• **EXERCISE BRIEF**
Return the full listing unchanged, excluding any images it contains.

• **RAW DATA**

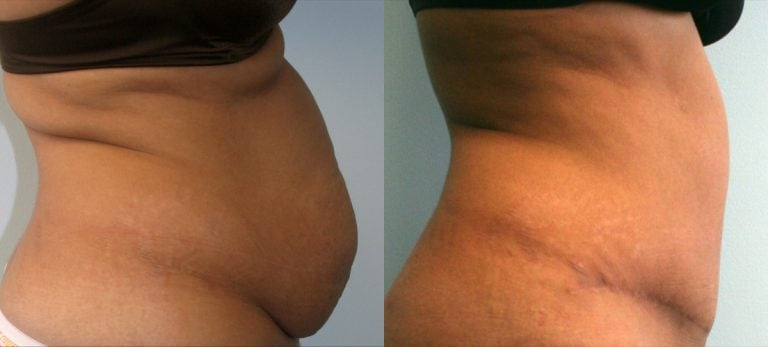 Abdominoplasty and liposuction of back and upper abdomen - 2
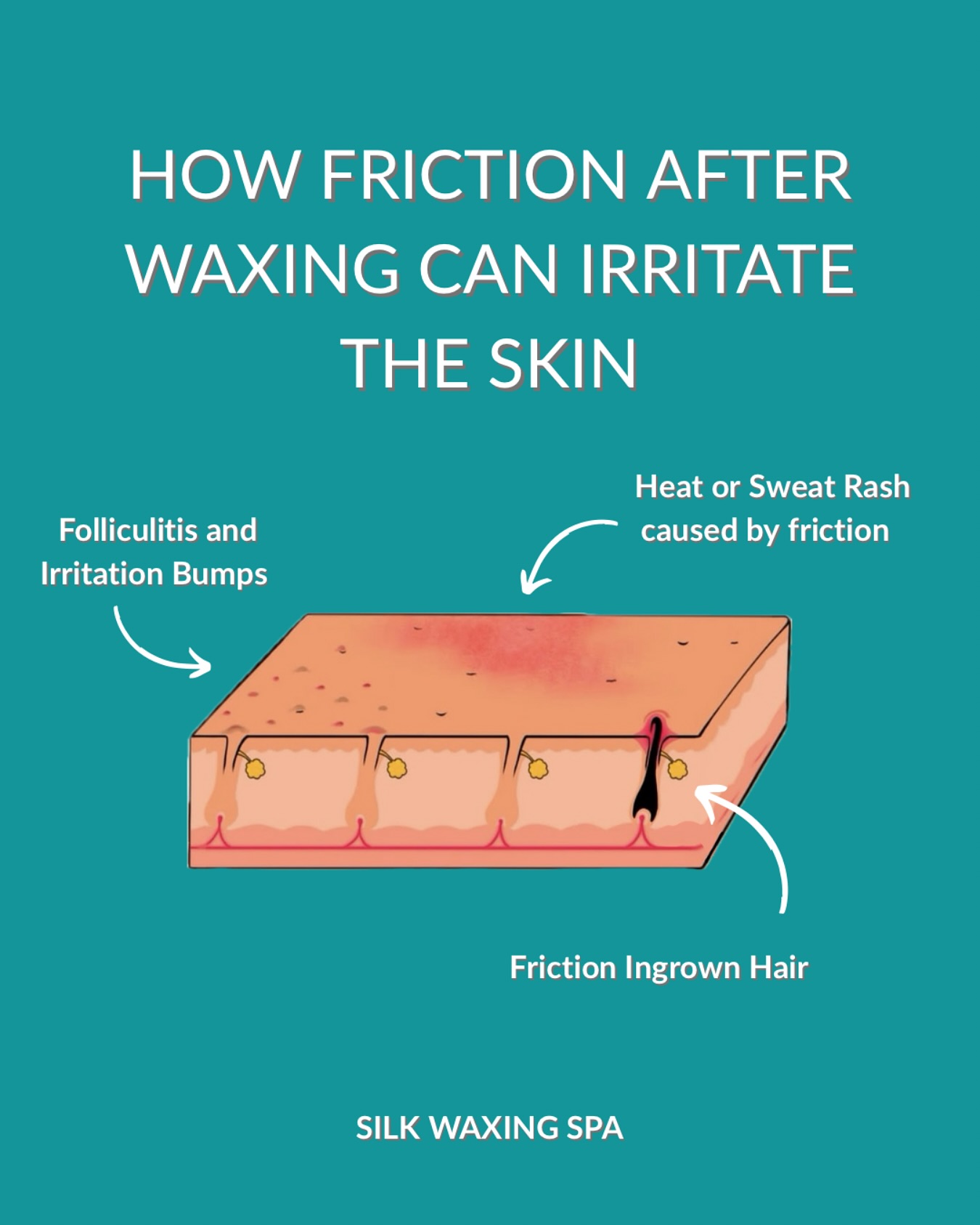 Silk Waxing Spa | Berlin CT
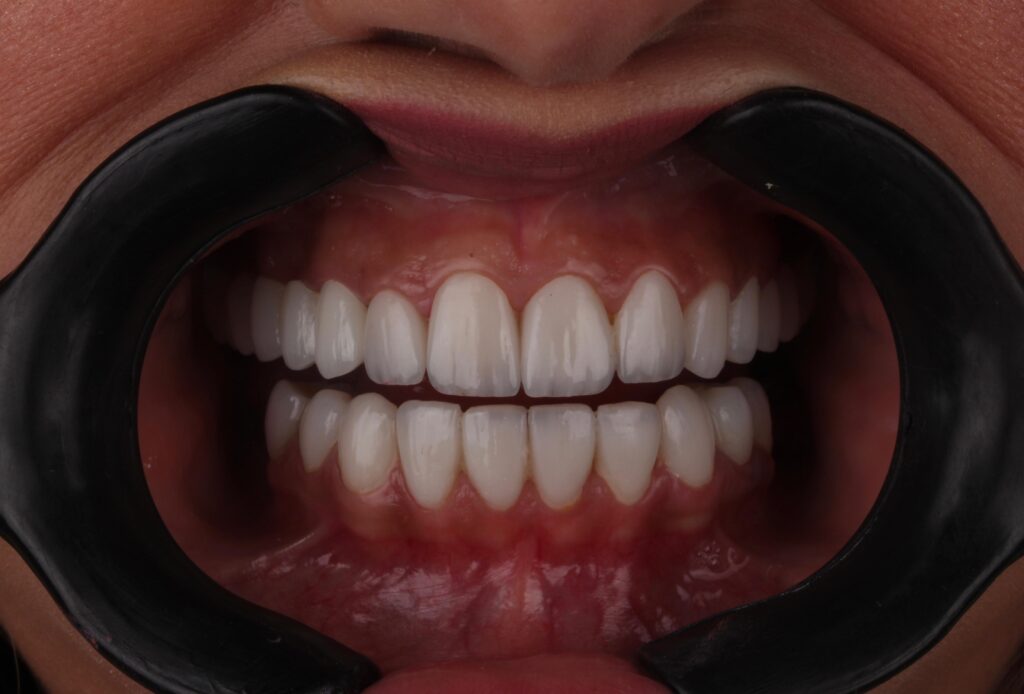 cosmetic in dentistry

• **THE COMPLETED TASK**
 Abdominoplasty and liposuction of back and upper abdomen - 2
 Silk Waxing Spa | Berlin CT
 cosmetic in dentistry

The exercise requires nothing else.